Trump Calls New Hampshire a "Drug-Infested Den"

But is the president’s characterization of New Hampshire as a “drug-infested den” accurate, or is it just adding insulting) hyperbole to injury?

While it’s well known that New Hampshire is considered a “ground zero” for opioid use—it has one of the highest opioid-related fatality rates in the country—current Governor Chris Sununu is making strides to combat the state’s drug epidemic. Last month, Sununu signed a cannabis decriminalization bill into effect in an effort to re-allocate funds and focus to remedial methods to help opioid users.

“There’s a lot of collateral damage that’s done by arresting people for marijuana,” Representative Renny Cushing (D) told the press shortly before the bill was signed into law.

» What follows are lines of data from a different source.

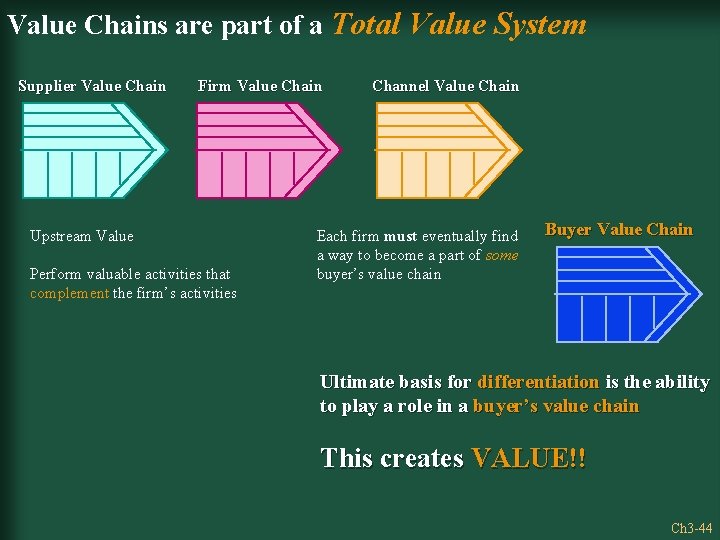 Value Chains are part of a Total Value System Supplier Value Chain Firm Value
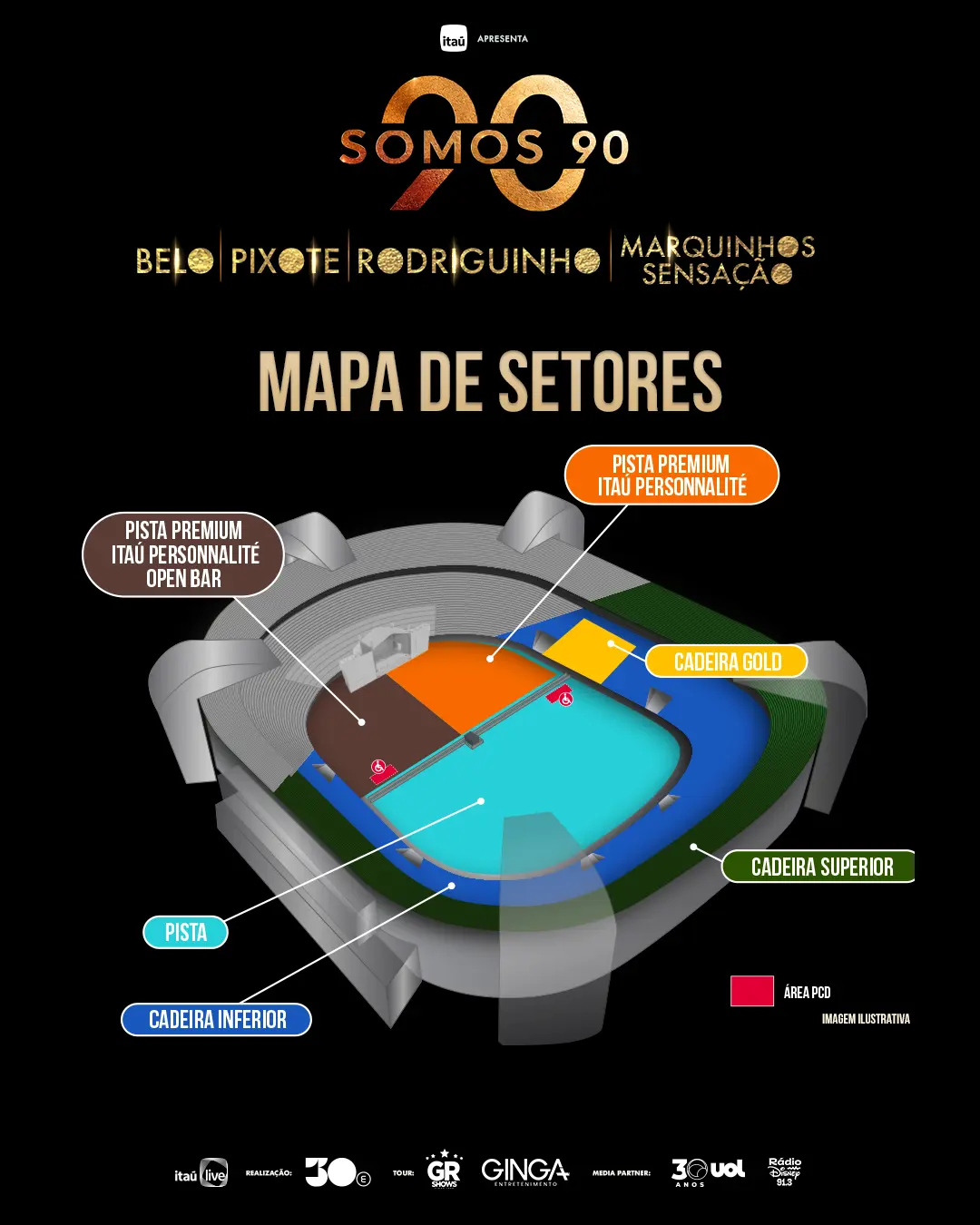 Mapa de Lugares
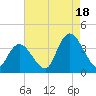 Pleasantville tide chart for Monday, August 18, 2025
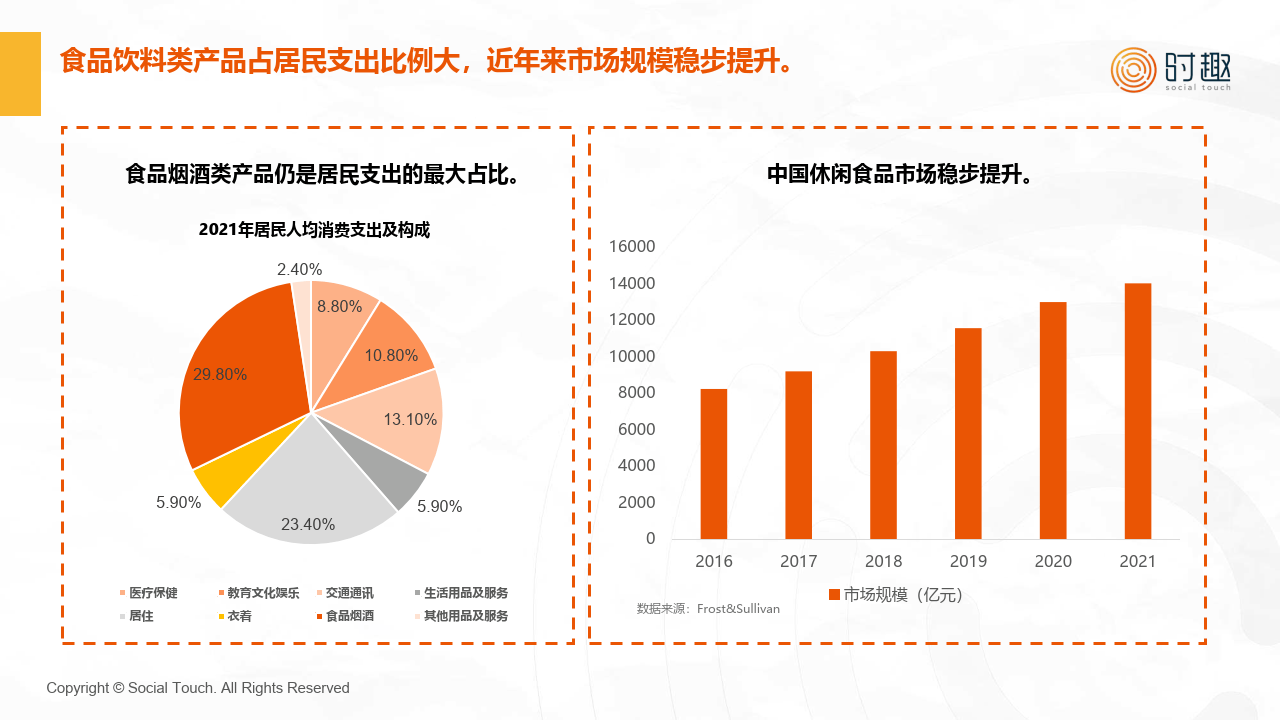 2019年薯片市场分析图图片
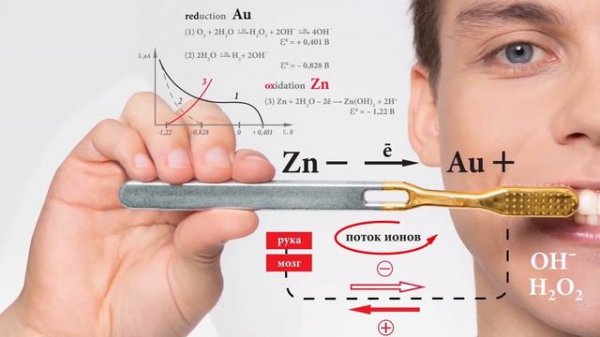 Зубная щетка redox с электрическими витаминами.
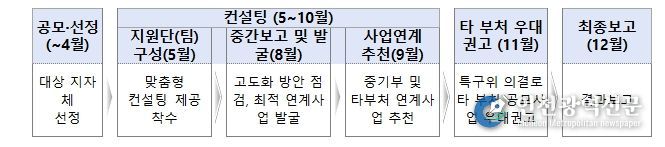 2026년 지역특화특구 컨설팅 지원사업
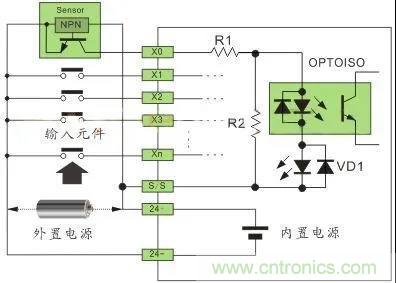 PLC與傳感器的接線都不會，還學(xué)啥PLC？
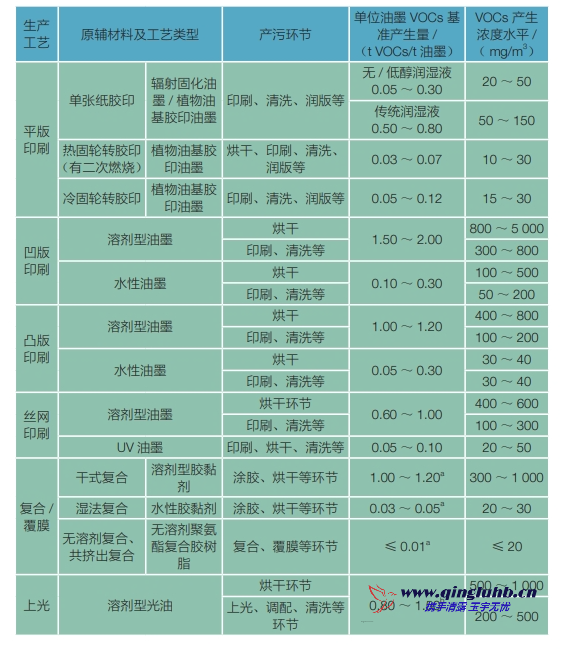 包裝印刷行業各生產工藝 VOCs 的產生濃度是 多少？
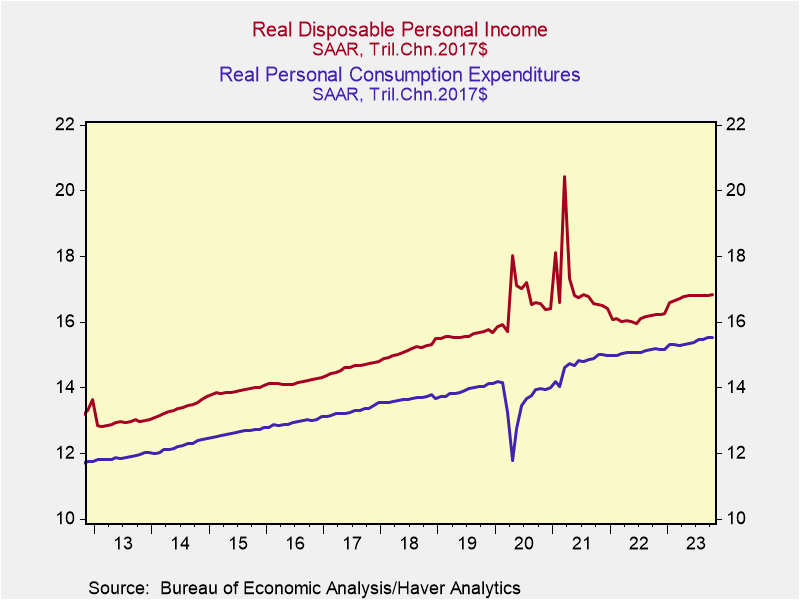 A graph of a graph showing the growth of the company's income Description automatically generated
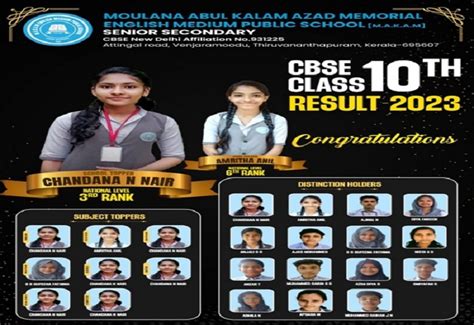 Best CBSE School In Trivandrum | English Medium Schools in trivandrum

“We spend $35,000 a year to keep someone in jail, in prison in this state for marijuana possession at a time when we don’t have enough money for beds for opioid addicts,” he added.

If anything, Trump’s current initiatives against drug use, as voiced through current Attorney General Jeff Sessions, would curb the therapeutic and recuperative measures states like New Hampshire have attempted to institute. In short: the viewpoints of the Trump administration—including anti-cannabis sentiments—would only make things worse in states like New Hampshire, not better.

The Final Hit: Trump Calls New Hampshire a “Drug-Infested Den”

It would be remiss to not put the conversation between Nieto and Trump into proper context. The call itself mostly pertained to Trump’s promise to make Mexico pay for a border wall between both countries—a vow that became a central locus of his campaign

Trump told Nieto that they “work out in the formula somehow,”  regarding a payment structure, which Nieto virulently argued against.

“It will come out in the wash, and that is okay,” Trump added during the call, “(but) if you are going to say that Mexico is not going to pay for the wall, then I do not want to meet with you guys anymore because I cannot live with that.”